Representatives from Langley Seniors Community Action Table and Triple A Seniors Housing spoke to Township council on June 26 about the importance of creating affordable housing for seniors. Langley Times File Photo

Affordable housing ‘significant issue’ for seniors in Langley

Advocacy groups urge Township council to support affordable housing motion by Coun. Petrina Arnason

Seniors living in the Township of Langley need more affordable housing options.

That was the message sent to council on June 26, following delegations at both their afternoon and evening meetings.

Kathy Reddington, co-chair of the Langley Seniors Community Action Table (LSCAT) and Marilyn Fischer of Triple A Seniors Housing came to council to voice their support for an affordable housing motion tabled by Coun.
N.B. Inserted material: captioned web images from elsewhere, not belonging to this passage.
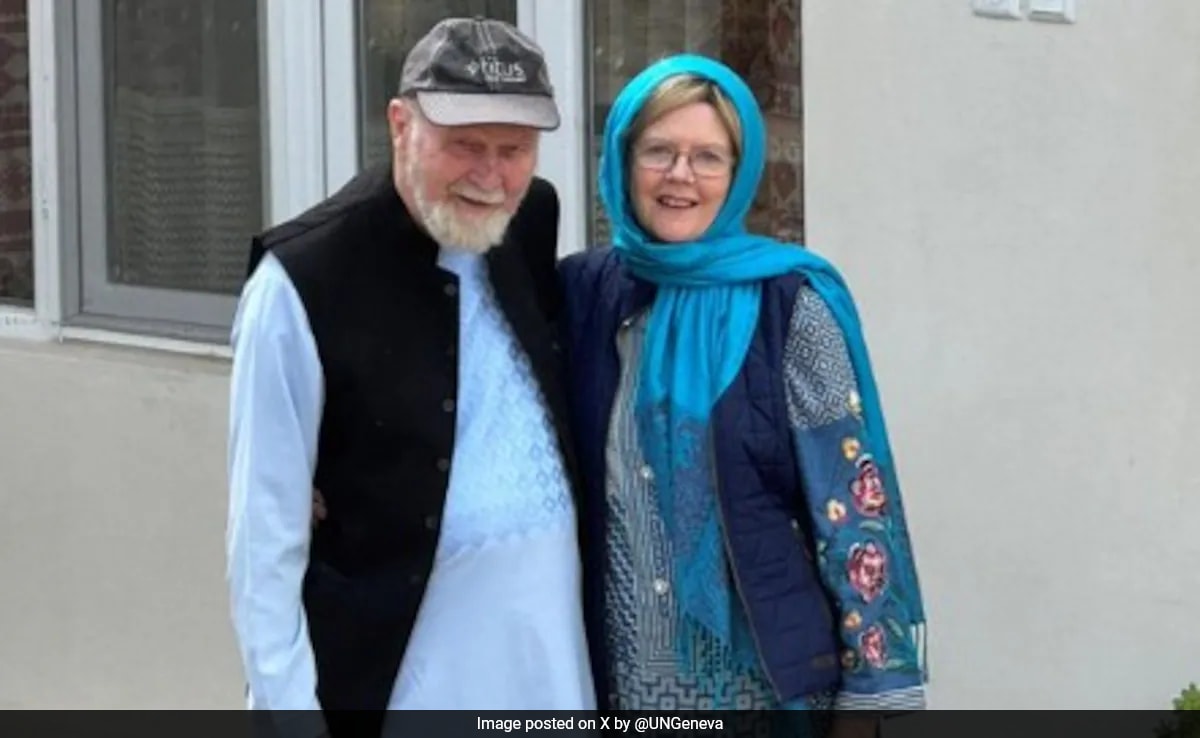 Възрастна британска двойка задържана в продължение на месеци в Афганистан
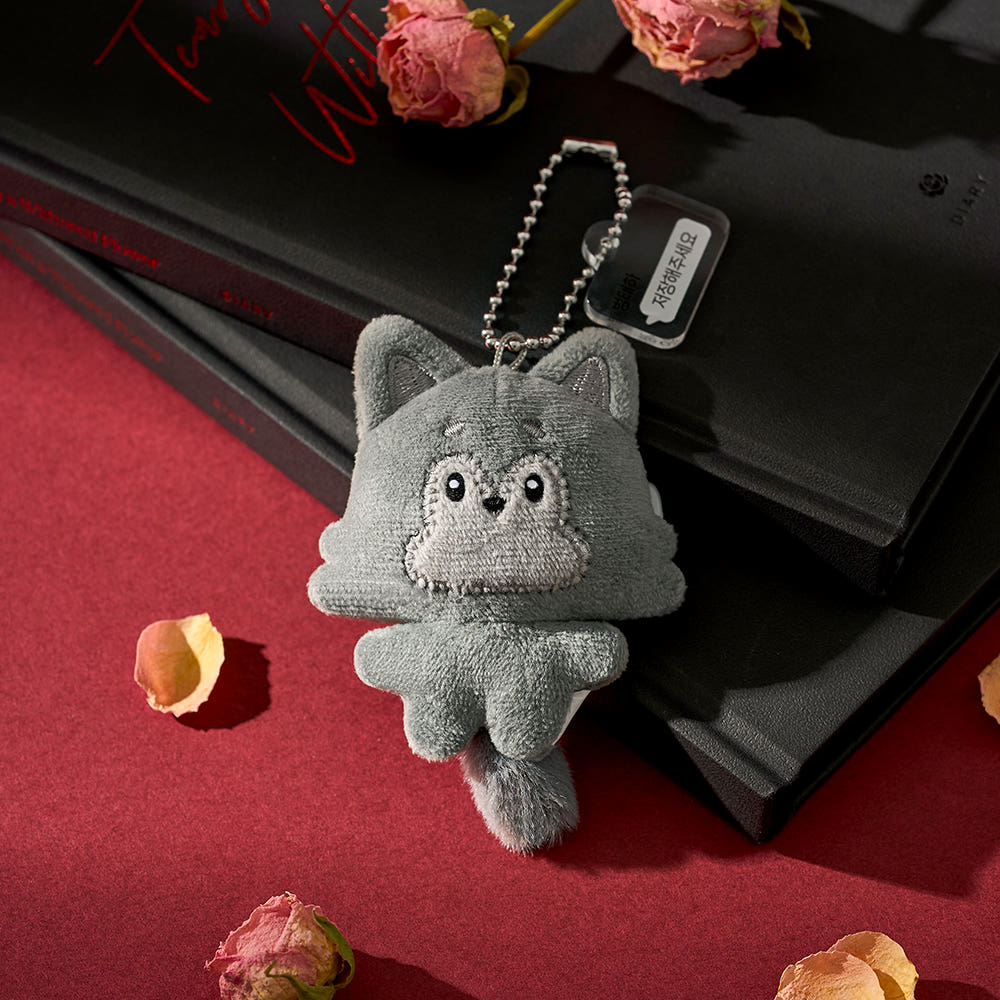 Tears on a Withered Flower - SD Plush Brooch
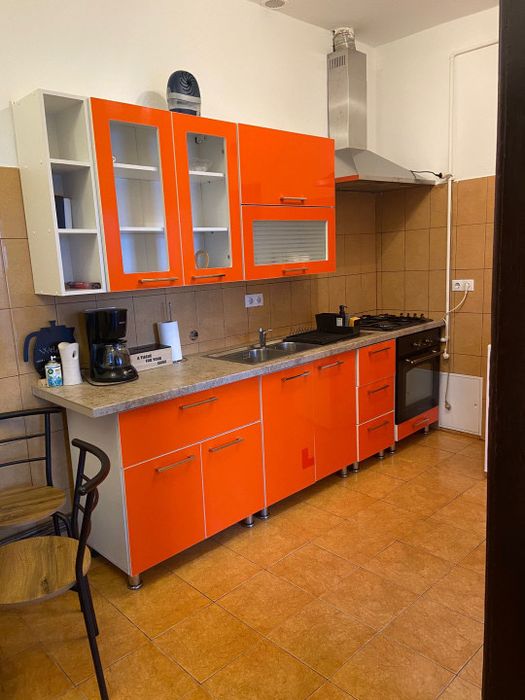 Inchiriez apartament la casa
Petrina Arnason.

In that motion — which was passed unanimously later that night — Arnason requested that council hold a council priorities committee meeting to discuss creating a framework for affordable housing protocols. This would include identifying specific criteria, policies and negotiating tools as it relates to the rezoning process, along with an engagement strategy for stakeholders.

Her motion comes just as Langley’s real estate market hits the $1 million mark for the average price of a detached single family home. The benchmark price for a townhouse is now $464,300, and for an apartment, $311,000.

Reddington said that affordable housing for seniors “has become a significant issue in Langley” and has been a primary focus for LSCAT since 2012.

“According to Canada mortgage and housing data, even in 2013, in Langley a person (aged) 65 plus at median income had to spend $52 more than his 30 per cent of income for median rent on a one bedroom,” Reddington said. “We can just imagine what that’s like today.”

She also requested that LSCAT take a “key role” in engaging with Langley seniors and the Township on this issue.

Fischer, too, relayed the importance of affordable housing to council.

“Though we recognize that current market conditions have led to a critical reduction in the availability of affordable housing for all, seniors, particularly those without housing equity, are suffering and becoming hopeless — and even homeless — due to exorbitant rent increases,” she said.

“… When we refer to Triple A Seniors Housing, we are not referring to for-profit or subsidized, independent or supportive housing, specifically. But to a range of affordable, accessible and appropriate housing options to meet the needs and preferences of older residents in our community.”